First off major props to City Weekly’s, Scott Renshaw for writing this cover story on the local comedy scene. Otherwise I never would have discovered the wonder of open mic nights at The Complex.
Every Tuesday night a local crew of comics show up with notebooks, pens and smart phones to try and make each other laugh. Apparently family and friends like to come too for moral support. Last Tuesday, Andrew and I made our first appearance as difficult to please audience members. (I’m hypercritical, luckily for me and the comics, Andrew is not.)
After a lot of searching on the terrible Complex website, I concluded we could roll in around eight and not miss a thing.
Turns out after a brief chat with the bartender, Buck, I was sort of right.
According the the keeper of the alcohol, Tuesday usually follow a slow arrival from about 7:30 to 8-ish as everyone drifts in from their day jobs. The show will start some time between 8 and 8:30 p.m., each comic is given five minutes to perform with the night wrapping up around 10 p.m.
From what I saw this was pretty much exactly what happened. We pulled up to the warehouse-cum-venue thrilled to see people there around 7:45. After a quick ID check, we walked past neon lighting into a cell of a room with a tiny corner stage bearing a single microphone and a bar with a lonely bartender. We chatted with Buck, got our drinks and sat. Shortly the room filled with a mostly late 20s to early 30s crowd of anxious would-be performers. A few older people were sprinkled in the crowd, later to be called out as parents of souls braver than mine.
The host for the night took to the stage and opened with a meta-humor set that fell flat. He continued to bomb through the night, and at a certain point my pity for him became anger. I just wanted him to go away so the other comedians could perform. But aside from a few truly terrible pieces, most of the amateur comics had me smiling and a few even got some laughs.
There were some standouts, Levi Rounds, Chris Chris (not his real name) and Eric from New York. One of the few ladies of the night, was especially hilarious. I just can’t remember her name! She had an unbelievably crude set that put me in mind for “Girls.” She was comfortable onstage, read her audience well and had some of the best timing of the posse.

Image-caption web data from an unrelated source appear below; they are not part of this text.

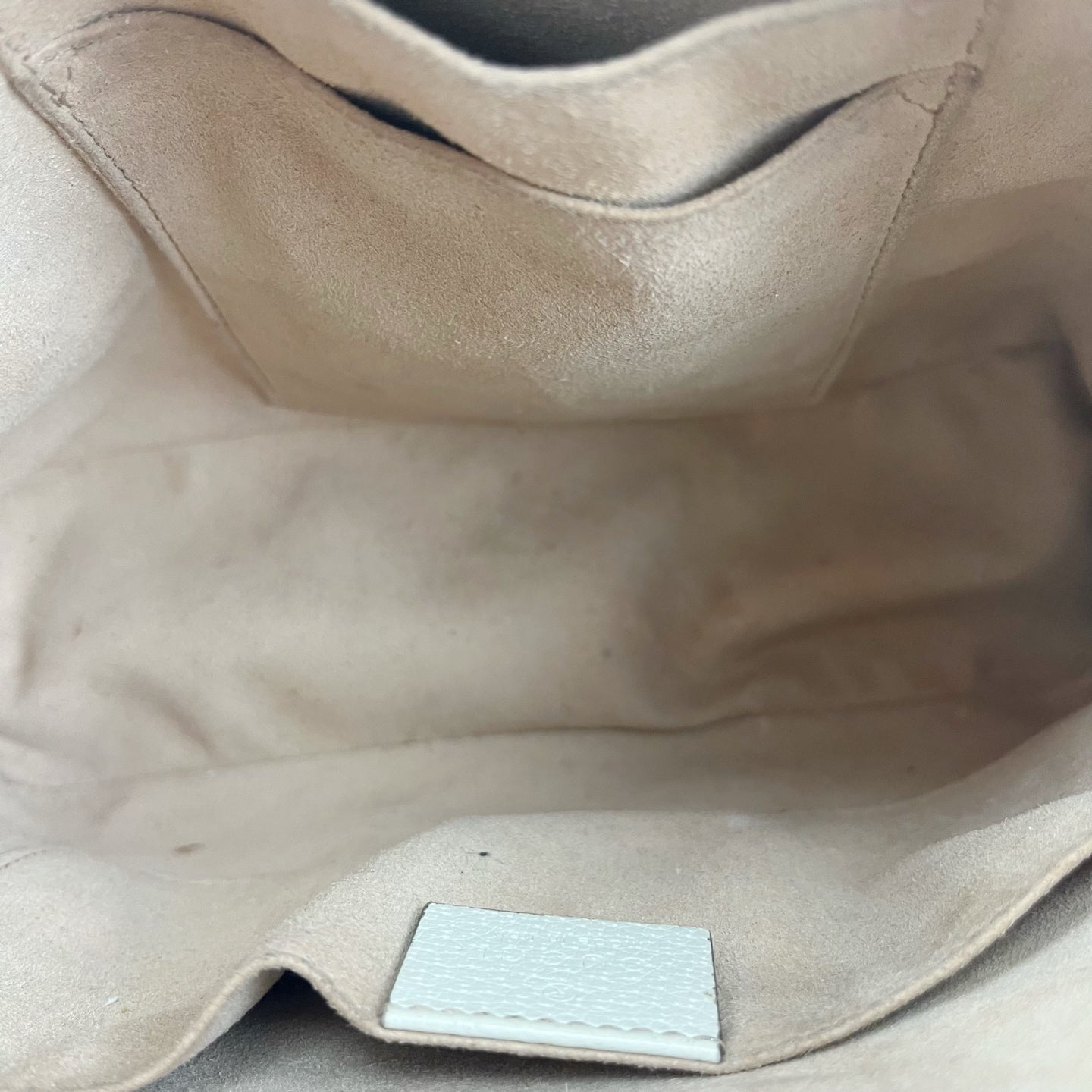 Gucci 499621-HV8AC-9759
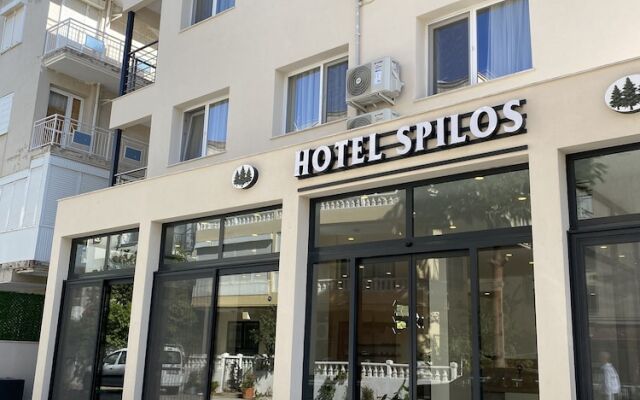 Spilos Gumuldur Hotel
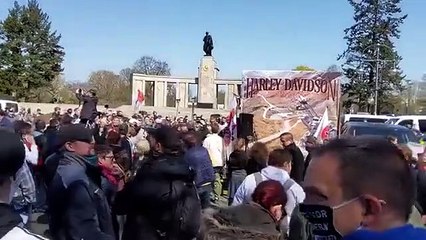 Almanya’da Covid-19 tedbirlerinin sertleştirilmesini öngören yasa tasarısı geçti, Berlin'de protestolar başladı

Most of the comedians stuck to material discussing legalizing drugs, why gay men are better than straight men and penis humor with one notably angry ex-Mormon. (Another name I’ve forgotten.) It was about as not nice humor I could imagine combined with the cynicism that comes from living in the SL,UT. The self-deprecation was funny, but sad enough to leave me emotionally confused at times. This made things awkward.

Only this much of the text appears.